In [1]:
import librosa
import numpy as np
import pandas as pd
from pymongo import MongoClient

In [2]:
def process_single_file(document):
    """
    Process a single audio file from a MongoDB document.

    Args:
        document (dict): A MongoDB document containing 'path' to the audio file.

    Returns:
        dict: Processed data including features and genre.
    """
    try:
        audio_path = document.get('path')
        genre = document.get('genre')

        print(f"Processing file: {audio_path}")

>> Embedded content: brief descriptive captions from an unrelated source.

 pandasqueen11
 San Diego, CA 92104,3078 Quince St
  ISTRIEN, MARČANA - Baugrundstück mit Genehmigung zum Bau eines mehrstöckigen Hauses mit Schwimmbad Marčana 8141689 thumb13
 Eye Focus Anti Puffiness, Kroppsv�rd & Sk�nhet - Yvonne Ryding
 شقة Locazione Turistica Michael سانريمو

        # Load the audio file with a consistent sampling rate (e.g., 22050 Hz)
        y, sr = librosa.load(audio_path, sr=22050)

        # Preprocessing
        # Normalize the audio
        y = librosa.util.normalize(y)

        # Trim silence
        y, _ = librosa.effects.trim(y)

        # Feature Extraction
        # MFCCs
        mfcc = librosa.feature.mfcc(y=y, sr=sr, n_mfcc=13)
        mfcc_mean = np.mean(mfcc, axis=1)
        mfcc_var = np.var(mfcc, axis=1)

        # Mel Spectrogram
        mel_spectrogram = librosa.feature.melspectrogram(y=y, sr=sr)
        mel_mean = np.mean(mel_spectrogram, axis=1)
        mel_var = np.var(mel_spectrogram, axis=1)

        # Chroma Features
        chroma = librosa.feature.chroma_stft(y=y, sr=sr)
        chroma_mean = np.mean(chroma, axis=1)

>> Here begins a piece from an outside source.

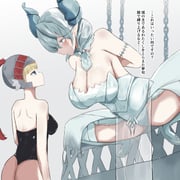 post #7846603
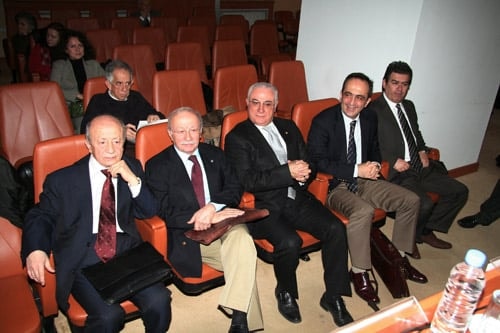 Hukuk, Siyaset Ve İnsan - 5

        # Spectral Contrast
        spectral_contrast = librosa.feature.spectral_contrast(y=y, sr=sr)
        spectral_contrast_mean = np.mean(spectral_contrast, axis=1)

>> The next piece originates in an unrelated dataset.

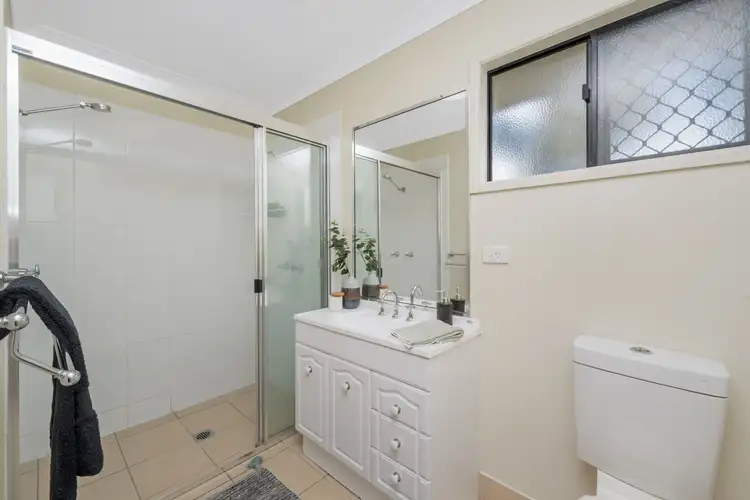 Sixth view of Homely house listing, 3 Maynard Court, Condon QLD 4815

        # Combine all features into a single vector
        features = np.concatenate([mfcc_mean, mfcc_var, mel_mean, mel_var, chroma_mean, spectral_contrast_mean])

        # Return features and genre
        return {'features': features.tolist(), 'genre': genre}

    except Exception as e:
        print(f"Error processing file {document.get('path')}: {e}")
        return None

In [3]:
def process_all_files_to_csv(connection_string, database_name, collection_name, output_csv):
    """
    Process all audio files in the MongoDB collection and save the results to a CSV file.

    Args:
        connection_string (str): MongoDB connection string.
        database_name (str): MongoDB database name.
        collection_name (str): MongoDB collection name.
        output_csv (str): Path to the output CSV file.
    """
    try:
        # Connect to MongoDB
        client = MongoClient(connection_string)
        db = client[database_name]
        collection = db[collection_name]

        # Initialize list for processed data
        processed_data = []

        # Iterate through all documents in the collection
        documents = collection.find()
        for document in documents:
            result = process_single_file(document)
            if result:
                # Append features and genre to the processed_data list
                processed_data.append({
                    **{f"feature_{i}": val for i, val in enumerate(result['features'])},
                    "genre": result['genre']
                })
            else:
                print(f"Processing failed for document: {document.get('_id')}")

        # Convert processed data to a DataFrame
        df = pd.DataFrame(processed_data)

        # Save DataFrame to CSV
        df.to_csv(output_csv, index=False)
        print(f"Processed data saved to {output_csv}")

    except Exception as e:
        print(f"Error: {e}")

In [4]:
connection_string = "mongodb+srv://bkhuu5:W6hGcpaquUu1p596@cluster0.7sswn.mongodb.net/?retryWrites=true&w=majority&appName=Cluster0"
database_name = "Music_Genre"
collection_name = "Music_Genre_Classifier"
output_csv = "Data/processed_music_data.csv"

process_all_files_to_csv(connection_string, database_name, collection_name, output_csv)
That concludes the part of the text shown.